Google doesn't like your site

Because the true causes of problems like these are usually not at all obvious, they can lead to hypotheses that border on the paranoid (“Google doesn’t like my site,”) or wild speculation: (“I was put in the sandbox and then hit with Panda. I call it the Pandbox.”).

Since Google isn’t alive and doesn’t have emotions (yet), we can safely set aside (for now) any search engine anthropomorphizing and focus on finding root causes that may be lurking in the site’s technical infrastructure.

Symptoms: Fewer Pages In The Index, Drop In Long Tail Traffic

The main causes for problems with site coverage include duplicate content, allowing pages with no SEO value to be crawled, and network problems.

Duplicate content occurs when you can get to a page through multiple URLs.

Sometimes this is caused by having an entire copy of a site available on another subdomain, like https://www1.yoursite.com/, or on an IP address, like https://192.168.1.1/.

Duplicate content can also happen at the page level, when a page is available at multiple URLs like this:

Both types of duplicate content reduce the number of pages in the index because search engines are wasting their time crawling multiple copies of a website or a page.

Search engines throw away these extra copies because there is no point in including redundant pages in the index. This means that time spent crawling more pages on your site was wasted crawling extra copies of pages that won’t be used anyway.

For the example pages above, that site would have to be crawled at least five times to get each page of the site.

If you have a duplicate site, you can use a 301 to permanently redirect any visitors to the main site.

Fixing duplicate content at the page level is a bit tricker.

Select one canonical URL from each set of potential duplicate URLs and make sure that each duplicate URL permanently redirects to the canonical one.

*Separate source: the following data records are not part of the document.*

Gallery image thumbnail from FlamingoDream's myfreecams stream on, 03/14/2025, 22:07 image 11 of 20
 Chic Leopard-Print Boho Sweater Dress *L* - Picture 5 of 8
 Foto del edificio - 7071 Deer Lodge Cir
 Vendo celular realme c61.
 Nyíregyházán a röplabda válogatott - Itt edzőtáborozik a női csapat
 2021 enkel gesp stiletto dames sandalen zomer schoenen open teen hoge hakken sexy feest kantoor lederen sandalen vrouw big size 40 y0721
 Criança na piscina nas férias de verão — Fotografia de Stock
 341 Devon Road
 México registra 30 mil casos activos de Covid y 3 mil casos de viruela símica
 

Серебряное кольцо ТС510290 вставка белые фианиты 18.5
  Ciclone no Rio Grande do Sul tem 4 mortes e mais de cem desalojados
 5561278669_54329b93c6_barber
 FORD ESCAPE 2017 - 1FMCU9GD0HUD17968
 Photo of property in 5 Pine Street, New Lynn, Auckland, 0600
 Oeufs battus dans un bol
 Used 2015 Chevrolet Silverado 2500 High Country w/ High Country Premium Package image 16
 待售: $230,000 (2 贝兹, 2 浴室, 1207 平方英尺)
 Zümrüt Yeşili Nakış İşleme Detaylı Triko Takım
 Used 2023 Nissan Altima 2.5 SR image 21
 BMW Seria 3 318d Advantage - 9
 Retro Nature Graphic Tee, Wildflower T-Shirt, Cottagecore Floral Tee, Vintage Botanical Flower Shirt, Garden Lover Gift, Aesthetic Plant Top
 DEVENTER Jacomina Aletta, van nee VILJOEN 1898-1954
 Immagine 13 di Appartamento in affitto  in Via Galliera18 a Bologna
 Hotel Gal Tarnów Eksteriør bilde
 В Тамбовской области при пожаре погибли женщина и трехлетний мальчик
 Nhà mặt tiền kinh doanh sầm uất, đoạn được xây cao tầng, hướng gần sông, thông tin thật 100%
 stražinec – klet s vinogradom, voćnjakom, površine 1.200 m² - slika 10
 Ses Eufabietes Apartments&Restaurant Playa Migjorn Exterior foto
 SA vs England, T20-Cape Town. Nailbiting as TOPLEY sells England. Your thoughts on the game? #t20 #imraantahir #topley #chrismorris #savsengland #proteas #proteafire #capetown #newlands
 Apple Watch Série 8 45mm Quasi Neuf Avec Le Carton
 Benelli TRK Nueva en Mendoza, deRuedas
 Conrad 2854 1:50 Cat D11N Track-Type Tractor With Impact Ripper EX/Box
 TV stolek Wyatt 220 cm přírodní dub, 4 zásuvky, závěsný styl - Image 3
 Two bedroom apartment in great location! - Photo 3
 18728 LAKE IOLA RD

If this isn’t possible – for example, due to tracking parameters like referral_id=1 above – use a link rel=canonical tag that points to the canonical URL and configure Bing and Google webmaster tools to ignore the appropriate parameters.

Diagnosing Crawl Inefficiencies

Allowing pages with no value to be crawled means that the search engines are spending valuable resources crawling things like API calls, log files, or pages with an infinite number of combinations like a web calendar.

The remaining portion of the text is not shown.